■ Problem statement
Among the lines of the listing below, retype exactly those from the one containing "It's just to" through the one containing "In shops or", both included. Do not include pictures.

■ Record set
══════
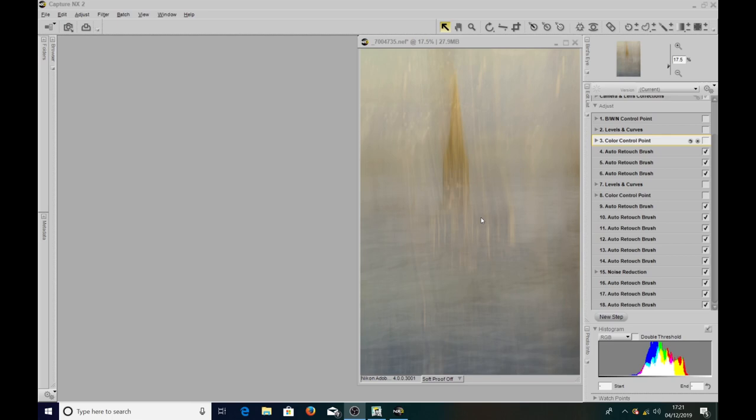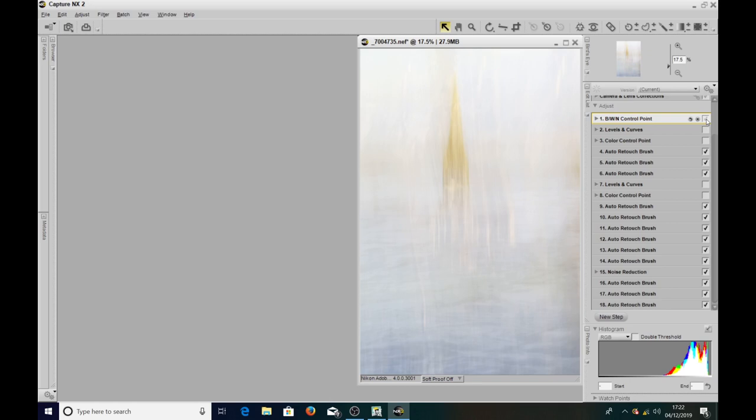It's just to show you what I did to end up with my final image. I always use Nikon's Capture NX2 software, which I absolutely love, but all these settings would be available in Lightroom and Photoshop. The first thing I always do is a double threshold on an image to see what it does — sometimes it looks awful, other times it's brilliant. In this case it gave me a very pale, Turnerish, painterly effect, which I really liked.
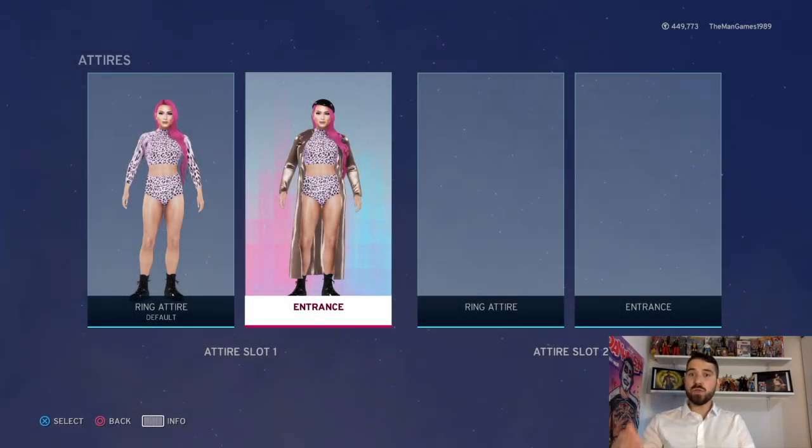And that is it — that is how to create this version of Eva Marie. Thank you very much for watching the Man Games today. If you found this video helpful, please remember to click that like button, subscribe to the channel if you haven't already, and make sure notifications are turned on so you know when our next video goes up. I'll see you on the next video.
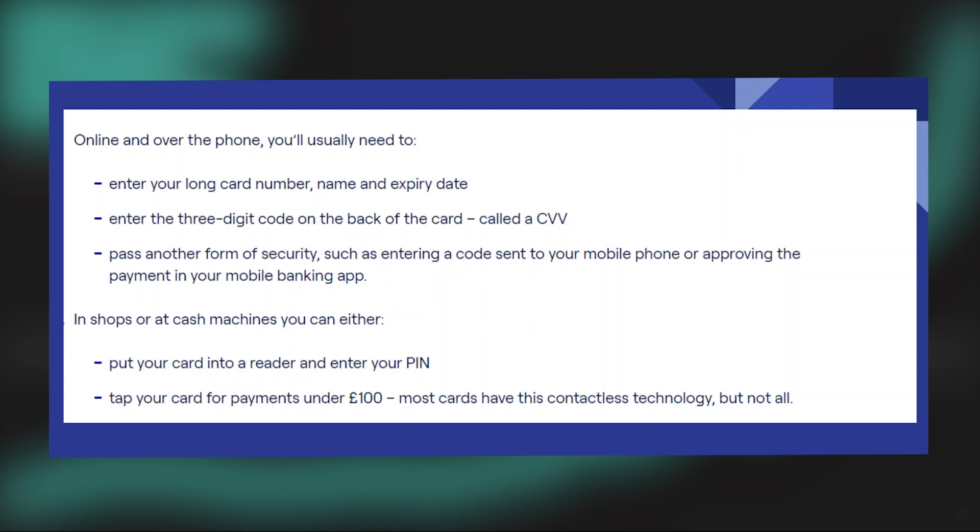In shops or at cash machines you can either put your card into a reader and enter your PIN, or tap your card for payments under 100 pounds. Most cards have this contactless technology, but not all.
══════
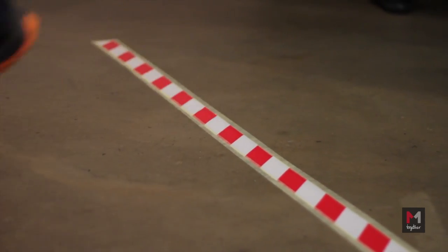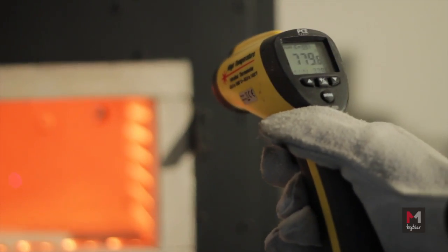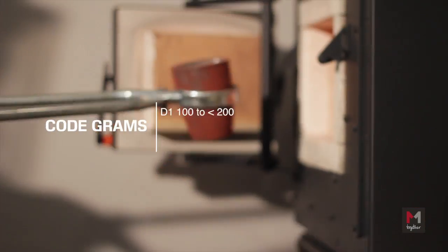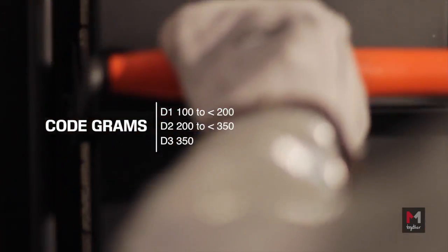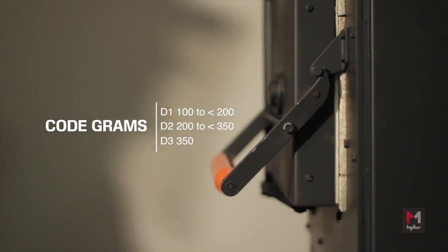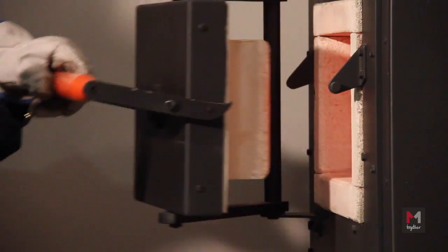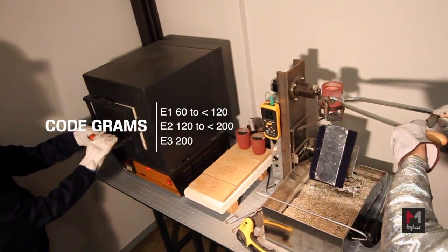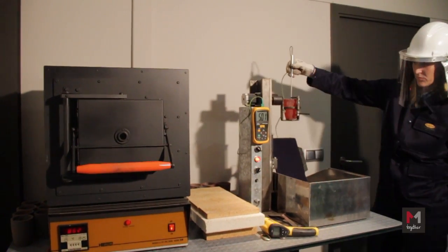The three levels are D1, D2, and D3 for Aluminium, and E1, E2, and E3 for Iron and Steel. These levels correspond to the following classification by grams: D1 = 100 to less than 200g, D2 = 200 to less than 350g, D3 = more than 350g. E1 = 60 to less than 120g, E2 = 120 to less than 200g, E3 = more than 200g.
══════
■ Task answer
It's just to show you what I did to end up with my final image. I always use Nikon's Capture NX2 software, which I absolutely love, but all these settings would be available in Lightroom and Photoshop. The first thing I always do is a double threshold on an image to see what it does — sometimes it looks awful, other times it's brilliant. In this case it gave me a very pale, Turnerish, painterly effect, which I really liked.
And that is it — that is how to create this version of Eva Marie. Thank you very much for watching the Man Games today. If you found this video helpful, please remember to click that like button, subscribe to the channel if you haven't already, and make sure notifications are turned on so you know when our next video goes up. I'll see you on the next video.
In shops or at cash machines you can either put your card into a reader and enter your PIN, or tap your card for payments under 100 pounds. Most cards have this contactless technology, but not all.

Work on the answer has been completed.